私としては、まったくもって笑い事じゃ無い。
そんな恥ずかしい格好で人前になんて立てない。痴女じゃあるまいし。
「か、帰ろうかな.....」
「アホか。条件どこ行った」
行原からドスの効いたツッコミが飛んでくる。
「え、あの本当に着ないとダメなんですか?てかサイズないでしょ?」
「アタシ、貸し出す用に色々持ってるから。持ってくるわ!」
彩奈はそう言うが早いか、走り去ってしまった。
「だってよ」
行原がのんびりと言う。
「あ、でも出番まで時間ねーから急がねーとな。もう次とかのはず」
つ、次.....!
「ま、間に合わないんじゃ無いですかねぇ」
「間に合わせろ」
「んな、無茶な.....」
「それに、水着でやれば、絶対に今回のネタは盛り上がる」
「?」
水着だと盛り上がる?
「お前に皆の羨望の眼差しが集まることを約束してやる。だから着てみろ」
「いやいや」
大丈夫だろうか?
大丈夫じゃなかった。
言われるがまま、ビキニに着替えた私は早々に後悔した。いやフラグ回収早すぎか。
なんせ私のお胸が貧相すぎて、彩奈のビキニコレクションを持ってしても、ピタリと合うビキニが無かったのだ。ブラは特にブカブカである。

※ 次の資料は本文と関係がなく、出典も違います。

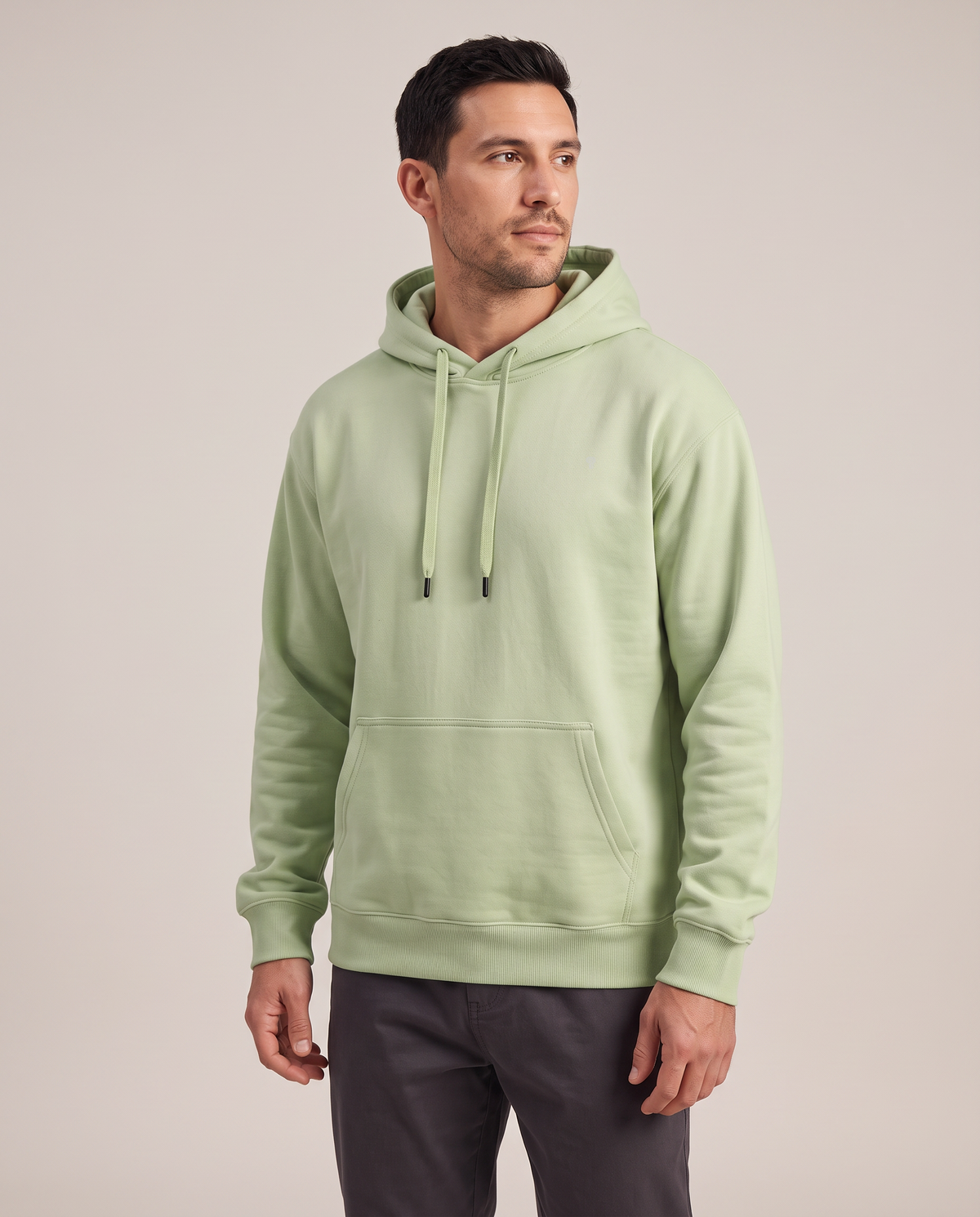 Polocom Plus Everyday hoodie in Green, close three-quarter front view with small silver emblem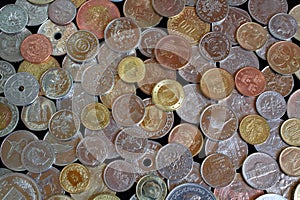 Background image made up of coins of different countries and continents. Scattering of coins from different countries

正直ポロリするのではないかと、ヒヤヒヤしている。
「ま、でも落ちてきてないし、大丈夫っしょ」
彩奈が笑う。
「いやいや......」
私は全身から火が出るのではないかというほど、体が熱っていた。未だかつて、ここまで恥ずかしい想いをしたことはない。いや待て、これでお客の前に立つのだ。きっと、今以上にヤバいことになる。
ダメだ、ちょっと泣きそう。
「てか、全然似合ってるよ、ハル」
彩奈が励ましてくれるが、美女に言われても気休めにしか聞こえない。
マジで出たくない。
とにかく気を逸らしたかった。
「そ、そーいえば、どんなネタをするんですか?」
彩奈に聞く。
が、なぜか彩奈はフリーズしてしまった。
え、なんか私、まずいこと言った?
数秒後、彩奈のフリーズは解けて、笑顔に戻る。
「あ、ゴメンゴメン。実はアタシもよく知らないんだよね」
いやどゆこと!?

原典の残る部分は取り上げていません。